I used the ideal gas formula and converted the mass of $\ce{PbS}$ into number of moles of $\ce{PbS}$ however got the answer b) $0.44\ \mathrm{L}$ which is incorrect. The correct answer is a) however I am unsure about. Why this is?

• You skipped a step. You got the number of moles of $\ce{PbS}$, that's good. Now you need to find the number of moles of $\ce{NO}$ which result from the reaction, and only then apply the ideal gas law. – Nicolau Saker Neto May 22 '16 at 5:43

The first step is to calculate the number of moles of $\ce{PbS}$:

$$\mathrm{\frac{4.7g\ \ce{PbS}} {239g\ \ce{PbS}\ \ mol^{-1}\ \ce{PbS}} = 0.0197\ mol\ \ce{PbS}}$$

The next step is to calculate how many moles of $\ce{NO}$ will be produced based on the stoichiometry of the reaction. As stated in a comment, it looks like this is the step that was left out of your calculations. Because only 2 mols of $\ce{NO}$ are produced for every 3 mols of $\ce{PbS}$, only $\mathrm{\frac{2}{3}}$ of 0.0197 mol, or 0.0131 mol $\ce{NO}$ will be formed.

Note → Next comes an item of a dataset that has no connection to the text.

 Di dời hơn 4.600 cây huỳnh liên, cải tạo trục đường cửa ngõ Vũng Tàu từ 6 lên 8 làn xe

At this point we know all of the variables required to invoke the ideal gas law:

$$\mathrm{V = \frac{nRT}{P}}$$

$$\mathrm{V = \frac{0.0131\ mol\ \ce{NO} * 0.0821\ L\ atm\ mol^{-1} K^{-1} * (300K)}{1.10\ atm\ \ce{NO}}}$$

$$\mathrm{V = 0.29\ L\ \ce{NO}}$$

And this gives us the correct answer of a. Again, as your answer was off by a factor of $\mathrm{\frac{2}{3}}$, it is pretty clear that the second step above regarding the stoichiometry of the reaction is the only step that you left out of your calculations.